At the beginning of the intercepted message there is a header which consists of 8 four-digit groups. Initially, the meaning of the numeric header is not known; the meanings of various components of this header (such as a serial number assigned by the transmitting organization's message center) can be worked out through traffic analysis.
The rest of the message consists of "indicators" and ciphertext; the first group is evidently a "discriminant" indicating the cryptosystem used, and (depending on the cryptosystem) some or all of the second group may contain a message-specific keying element such as initial rotor settings. The first two groups are repeated at the end of the message, which allows correction of garbled indicators. The remaining characters are encrypted text. Since the transmissions always use complete groups, "nulls" may have been used to pad out the text.

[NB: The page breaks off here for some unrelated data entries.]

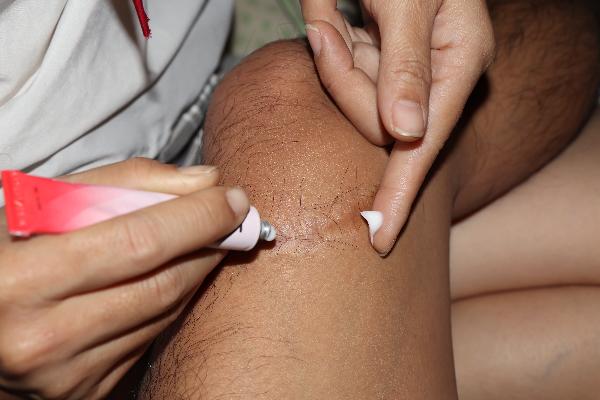 复方木芙蓉涂鼻软膏主要治什么病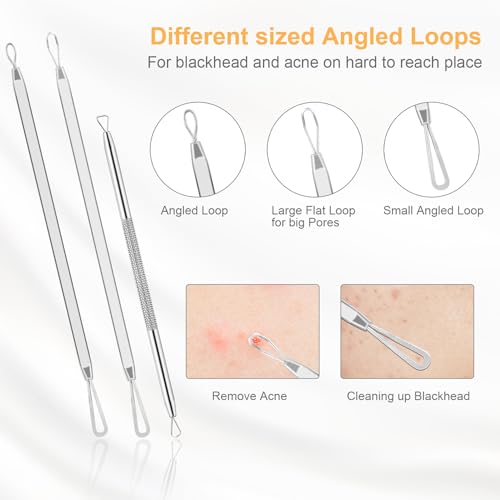 UUBAAR Blackhead Remover Kit, 9 Pimple Popper Tools with Tweezers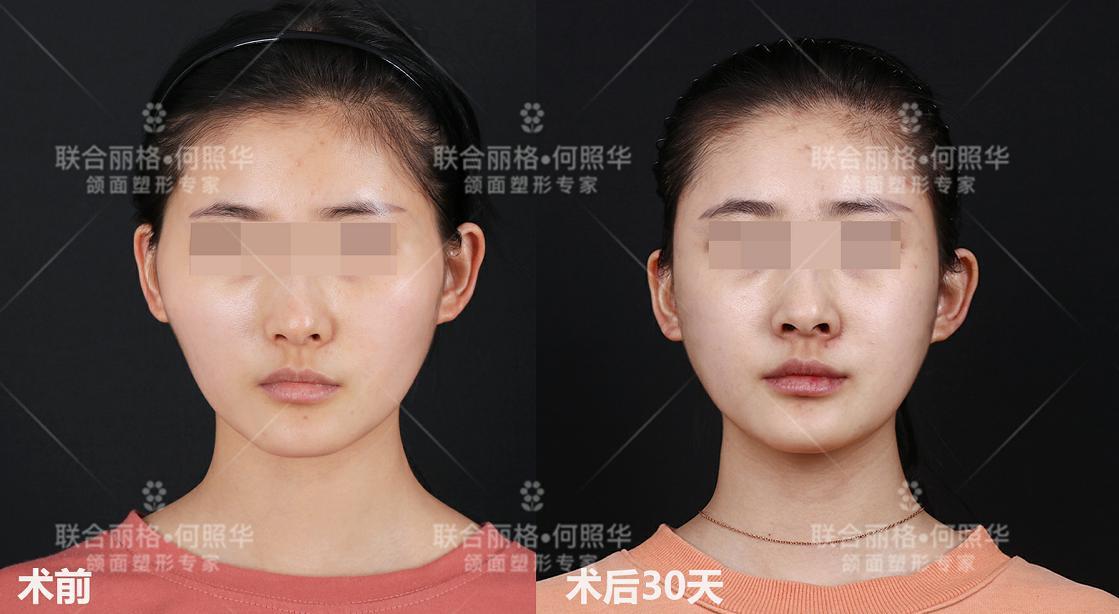 v2-e362f9b7d53af99cf97c9d9dbf0b94ff_1440w.jpg?source=172ae18b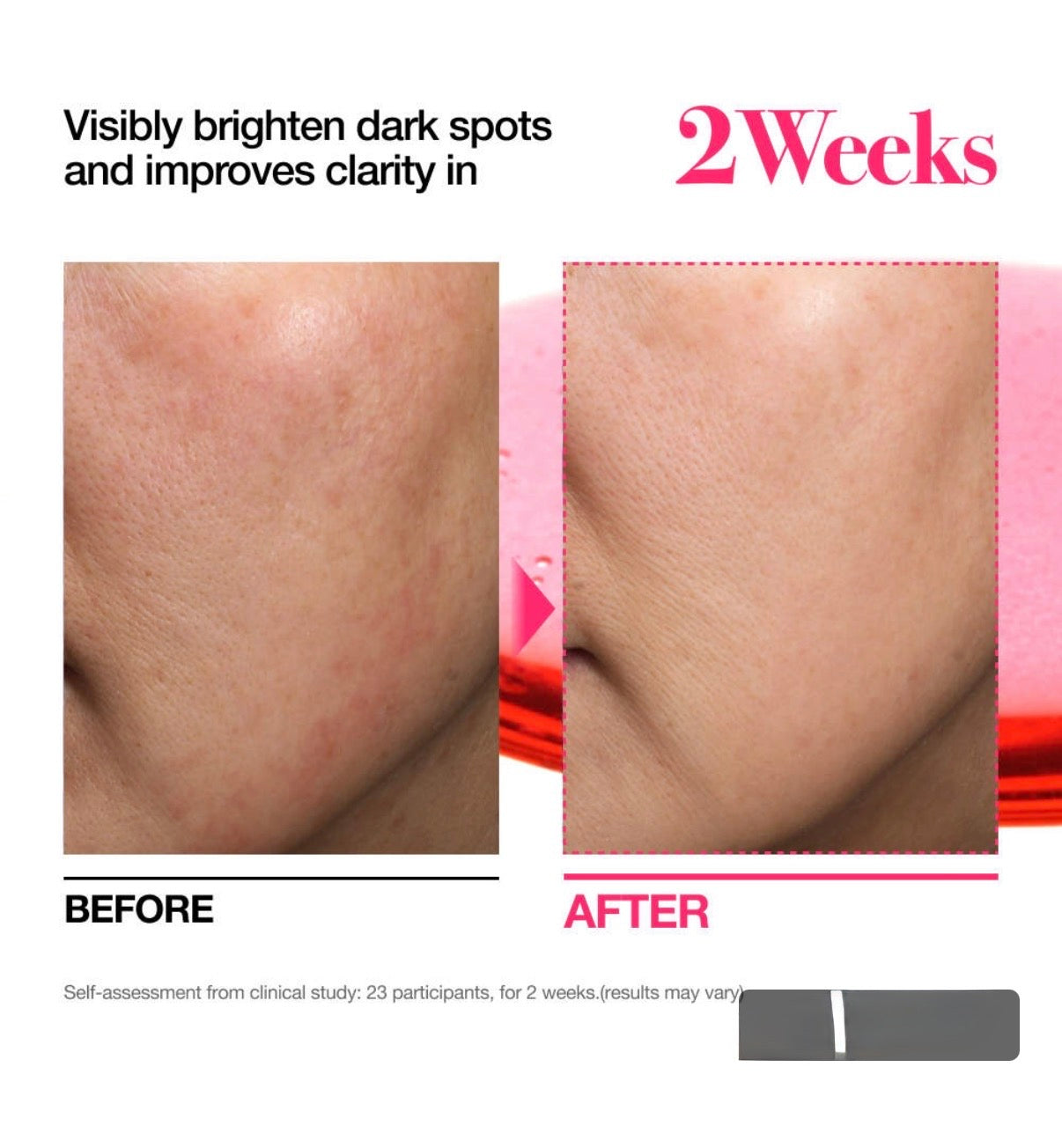 SÉRUM NIACINAMIDE 10 + TXA 4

Cryptosystems employed include transposition, dinome, and rotor-based ciphers and a one-part code. While these can be successfully tackled without use of a computer, solution is not easy. The practical exercise reinforces many basic principles, including ways to exploit having a collection of message traffic.
A certain amount of cleartext inter-operator "chatter" is also provided, and may help with the analysis.
Headers and discriminants are also given for intercepts from the next three days; these may be used for traffic analysis and in determining daily operating procedures.
The Zendian problem has been declassified and is available either as part of Military Cryptanalytics or as a book in itself. Both were published as reprints by Aegean Park Press, Walnut Creek, CA, USA. There are a few small differences in the ciphertext between these sources, with neither being entirely error-free; indeed, some errors were intentional, and dealing with them is part of the learning process.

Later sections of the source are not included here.